With the new Virtual FoV feature in the Web Dashboard, my nightly planning flow has been streamlined. Once Voyager Advanced ships, it will be even more so
I use SkyTools 4 for target selection. It’s a rich product, so this is only a glimpse at it, but one of the features it has is a “scheduler” that shows visibility and estimated imaging quality for that target.
The dashed red line is the object’s elevation, and the red dashes turn into dimmed red dashes when the target sets behind my trees because my local horizon is defined in ST4.
So this object, SH2-135, is visible from sunset through about 11PM.
Now with Voyager’s web dashboard, I search for SH2-135 (I only have to do this step for the very first time I’m imaging this target) and drag and drop to frame it the way I want:
When I like the framing, I click RoboClip, which lets me enter the target into Voyager’s database by clicking Save:
Now my target is available in Voyager anywhere I need target coordinates.
I have streamlined things in Voyager further by creating a few sequence templates that I don’t need to change. E.g., one for LRGB, one for SHO. They both just shoot an hour through each filter and repeat. There are enough repeats to cover the longest night. The only settings that change between targets are target name, RA, DEC and PA. I override these from DragScript as follows.

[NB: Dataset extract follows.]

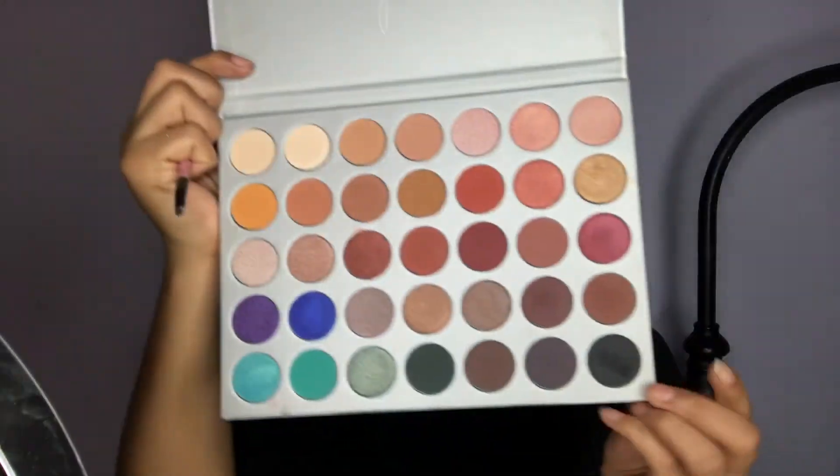Now I'm going to go in with the black with a small angle brush and deepen up my crease. Alright guys, so we're not finished with the eyes, but I'm going to start on my face and then come back to my eyes. I'm going to go in with the Too Faced RX Primer — this is like legit my favorite primer ever.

My “unattended all night imaging” DragScript is set up to run from one to seven sequences (arbitrary choice on my part). Lately I’m usually running two or three max.
In the DragScript editor, I double click the “Run Sequence” step and click the RoboClip button. Pick SH2-135 from the list:
I use my template sequence file for SHO, and the values for Target Name and RA/DEC/position angle are populated from the RoboClip database.
I set the start and end times based on what I saw in ST4 (sunset to 11PM):
Repeat for any additional targets.
Save the DragScript, load into Voyager and run it. Done.